We have an aging global population, and the Philippines is no exception. Thanks to modern medicine, the average life span is now 10 to 25 years longer than it was 50 years ago.
That’s the boon of modern science. We have specialists who focus on every single organ and prescribe medications and measures that can prolong life.
In 1969, the average life expectancy in the Philippines was 60.6 years. Now it’s 67 for males and 72.6 for females. The average for both genders is 69.3 years.
Although that’s almost nine years longer than our elders, it pales in comparison to countries like Singapore and Japan, where life expectancy is now more than 80 years.
There’s no question that the economic status of a country is a major factor determining the average life span of its citizens, but even those in countries like Thailand and Vietnam—classified as middle income like the Philippines—now have a longer life expectancy than Filipinos.
Does it mean the elderly in those countries have better health care and easier access to it? Well, possibly yes. There are many other factors, though.
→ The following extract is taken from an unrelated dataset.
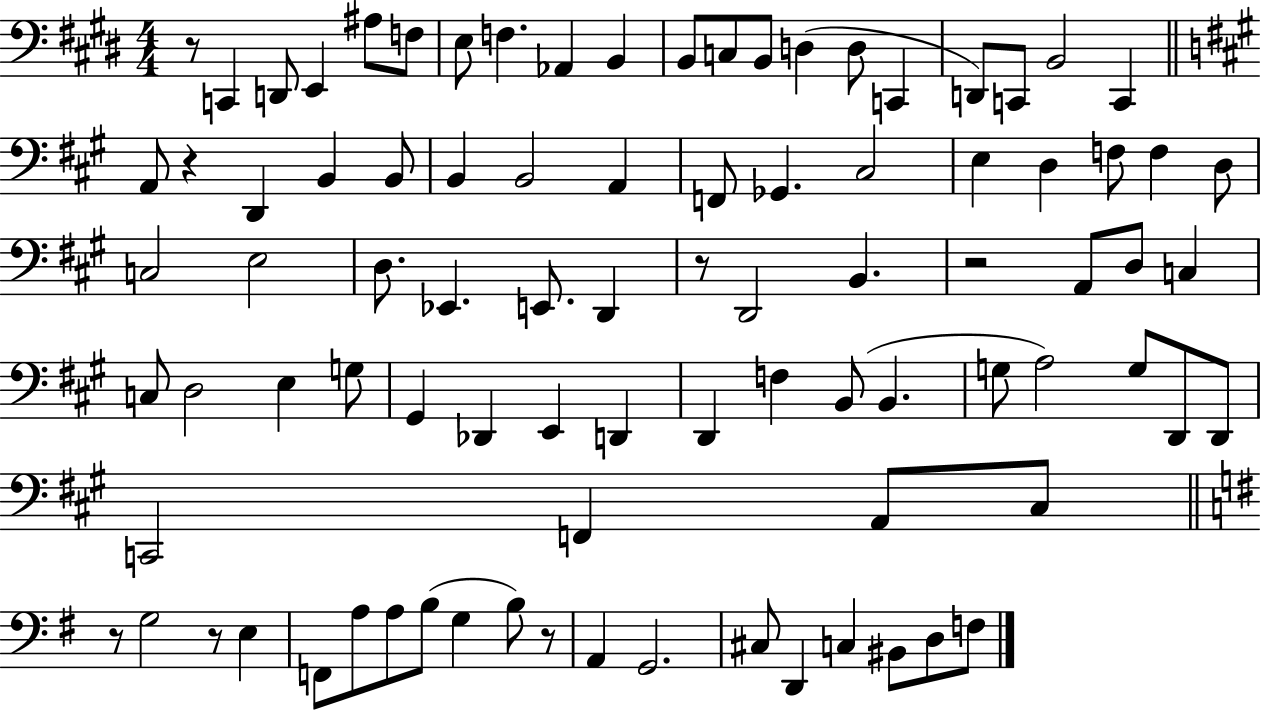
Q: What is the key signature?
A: E major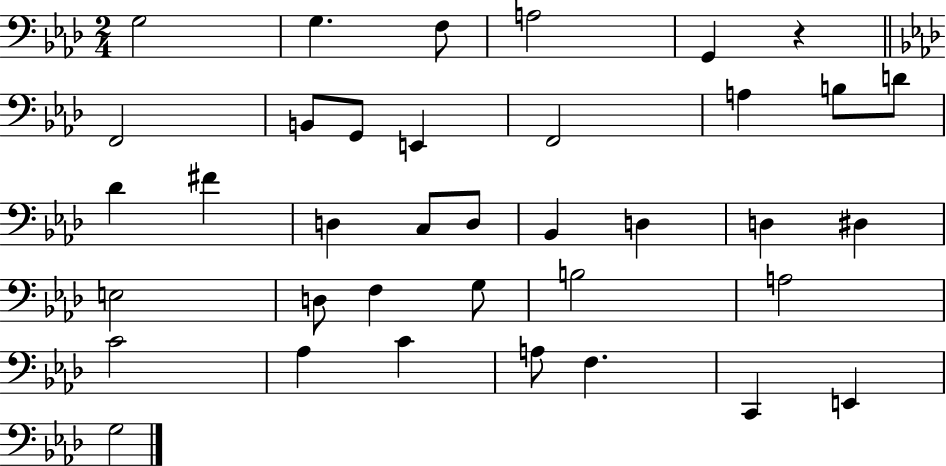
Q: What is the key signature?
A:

The life expectancy statistic involves the average life span of all citizens born, and if a country has a high infant or child mortality rate.
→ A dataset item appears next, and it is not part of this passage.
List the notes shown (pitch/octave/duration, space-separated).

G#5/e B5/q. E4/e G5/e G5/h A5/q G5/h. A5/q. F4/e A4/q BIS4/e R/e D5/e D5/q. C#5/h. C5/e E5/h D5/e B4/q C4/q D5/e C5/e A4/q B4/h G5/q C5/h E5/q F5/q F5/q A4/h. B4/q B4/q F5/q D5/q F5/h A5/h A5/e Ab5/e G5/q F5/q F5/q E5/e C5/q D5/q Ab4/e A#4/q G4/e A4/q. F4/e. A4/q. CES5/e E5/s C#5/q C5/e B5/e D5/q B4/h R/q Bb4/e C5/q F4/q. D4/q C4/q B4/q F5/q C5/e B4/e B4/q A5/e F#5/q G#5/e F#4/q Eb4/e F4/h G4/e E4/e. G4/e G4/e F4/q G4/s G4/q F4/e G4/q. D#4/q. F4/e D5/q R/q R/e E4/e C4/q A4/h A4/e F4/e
We rank 126th globally in terms of life expectancy. How can Filipinos live longer? The average life expectancy pretty much sums up the socioeconomic, political and other parameters that determine whether a country is progressing.
I have this hypothesis that if one reaches the senior age of 60 with no major health issues—or these are adequately controlled, if one has hypertension, diabetes, arthritis and similar chronic illnesses—one can likely live up to age 80 and older, provided one has access to preventive and curative health care.
That’s the big catch. Such access—regular checkups, necessary vaccines like flu and pneumonia shots, good nutrient and supplements—entails costs. This is where the problem lies.
It is ironic that the elderly, majority of whom no longer have regular income, have to struggle with more medical bills to stay healthy and alive.
Paraphrasing the words of Sen. Sonny Angara, whom Gelyka Dumaraos, one of our writers, interviewed for an article in the July issue of H&L (Health & Lifestyle) magazine, our elderly worked so hard and sacrificed so much to take care of us when they were younger. Now that they’re old and weak, it’s our turn to take care of them and reciprocate the love that they’ve given us all these years.
Former Sen. Ed Angara, who originally authored laws that gave benefits and privileges to senior citizens, passed the torch to his son, Sen. Sonny, who has apparently made elderly care one of his priorities.
That’s a cultural gem of our country. We take care of our elderly grandparents, parents, aunts, uncles and other relatives. We don’t confine them in expensive, assisted-living homes even if we could afford to do so. We let them stay in our homes and hire caregivers to attend to their needs when we’re at work.
It’s heartening to note that our current Binibining Pilipinas Universe, Gazini Christiana Jordi Ganados, has also chosen care for our elderly as an advocacy. With her single-parent mom busy at work, she grew up in the care of her Filipino grandparents, who taught her to treat everyone with love, generosity and compassion.
When her lolo and lola grew old and became sickly, she returned their love, and took turns with other members of the family in taking care of them. She wished they were still around when she won the Binibining Pilipinas title last month.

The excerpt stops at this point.